The agreement in principles established at the last meeting of the G7, a group that brings together the largest developed economies, is an important step towards reforming the taxation of large multinational companies, which today benefit from system failures.
The changes would be based on two pillars. The first is the imposition of a 15% minimum tax on corporate profits, which would apply to all countries. The objective is to interrupt the downward trend in taxation observed in recent decades, resulting from the dispute for investments.
With uncoordinated movements, each nation sought to maximize its position and, in the end, all lost revenue, as companies intensified their search for more favorable tax domiciles.
The second pillar is precisely the attempt to make large multinationals pay more taxes where they do business, and not just where they are headquartered.

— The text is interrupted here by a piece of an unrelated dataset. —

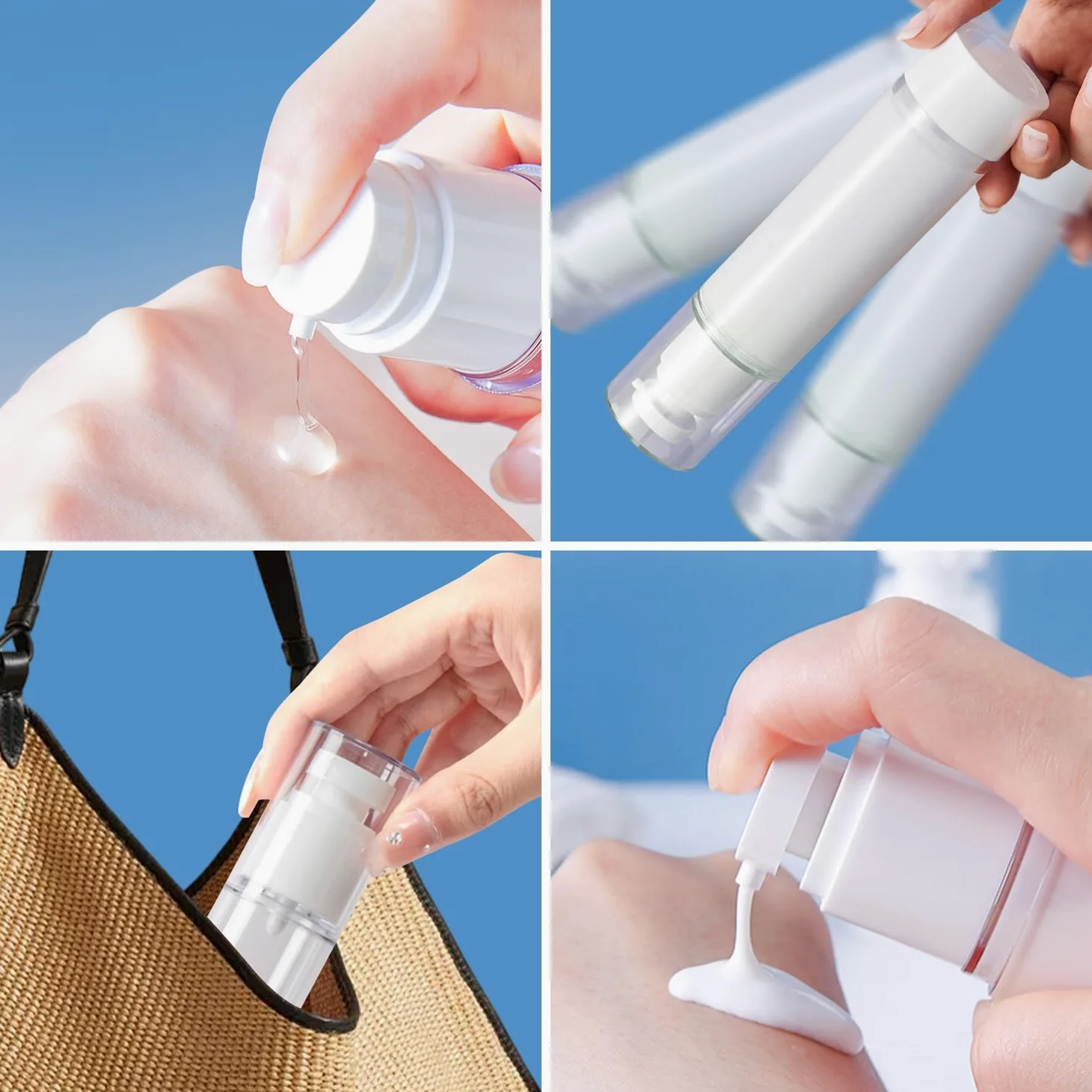 Próżniowe butelki podróżne Airless Dozownik 100 ml 6 sztuk puste na krem balsam szampon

The problem of where businesses pay taxes has been growing in recent decades with the digital and dematerialized economy, which has eroded the national tax bases.
Revenue estimates are still unclear, but a study by the Organization for Economic Co-operation and Development (OECD) estimates an increase of 4%, equivalent to $84 billion annually, most to be paid by American firms.

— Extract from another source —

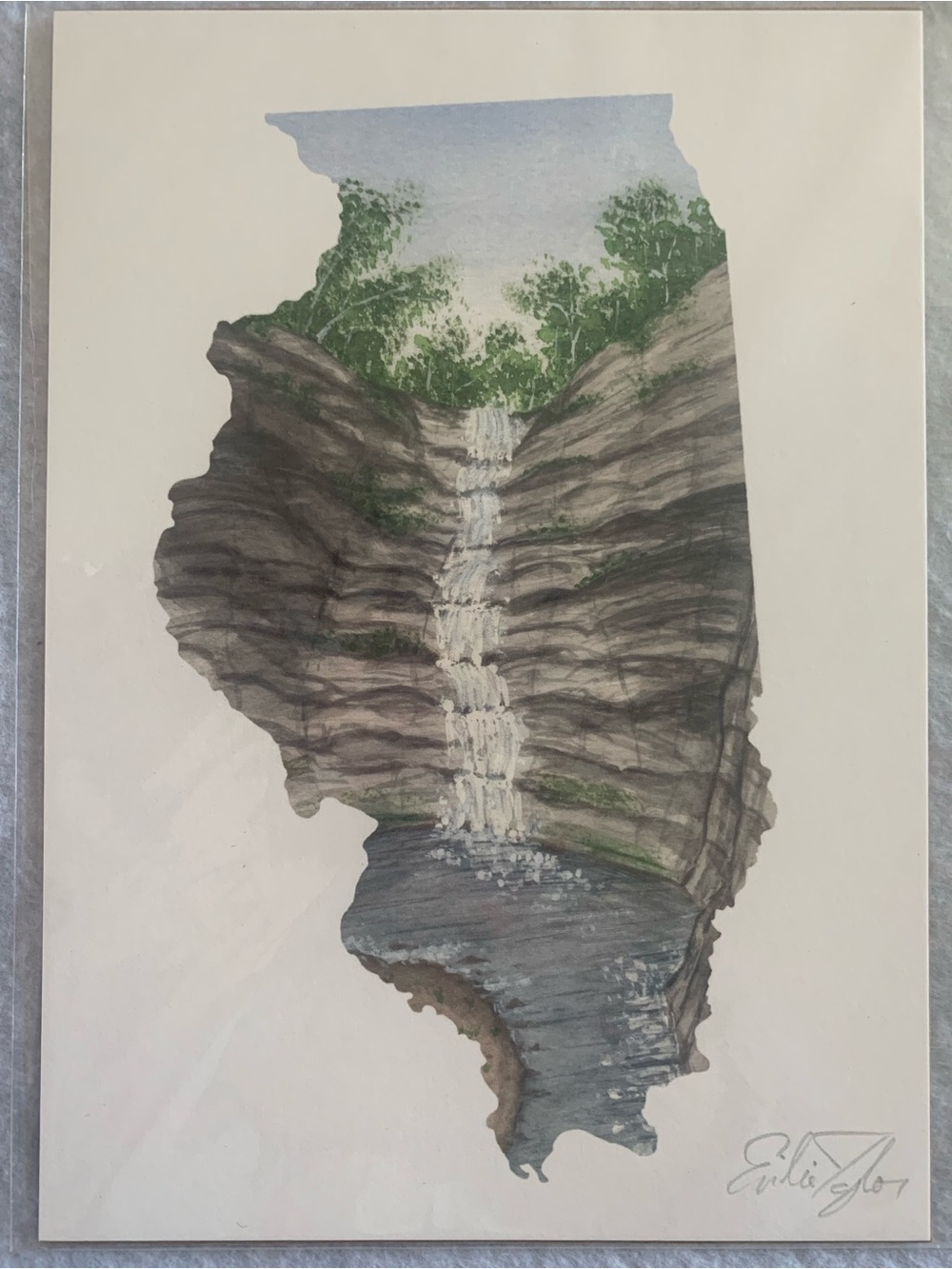 Illinois Waterfall State Print Nature Wall Art 5x7 Decor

The agreement, by the way, was only possible due to the greater willingness of the United States to allow the taxation of its technology giants. The required counterpart is the end of the attempt by other countries, such as France, to unilaterally impose digital taxes.

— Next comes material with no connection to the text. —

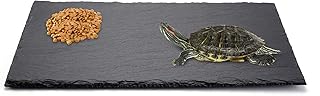 Reptile Basking Platform, Tortoise Habitat Rock Plate Slate Natural Rock Reptile Food Bowl Landscape Habitat Decor for Turtle Lizard Bearded Dragon Crested Gecko Snake(30 * 15cm)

The US is also interested in the minimum global tax, now that the Democratic administration wants to increase its own charge (from the current 21% to as much as 28%) to pay for the increased spending on infrastructure without losing competitiveness.
The new rules still need to be detailed and it is not clear which companies would be affected. It will also be necessary to include developing countries, and the topic will be on the agenda of the next G20 meeting, in July. Then came a long process of national ratification.
Even with the potential advance, there are criticisms. The main one is that the minimum of 15% is insufficient and barely surpasses the rates of the nations that most took advantage of the current system, such as Ireland, Holland, Singapore and tax havens. Another is that the biggest beneficiaries of the greatest collection of money would be the governments of rich countries.
But it is undeniable that the changes, if well regulated, have the potential to provide greater tax justice globally.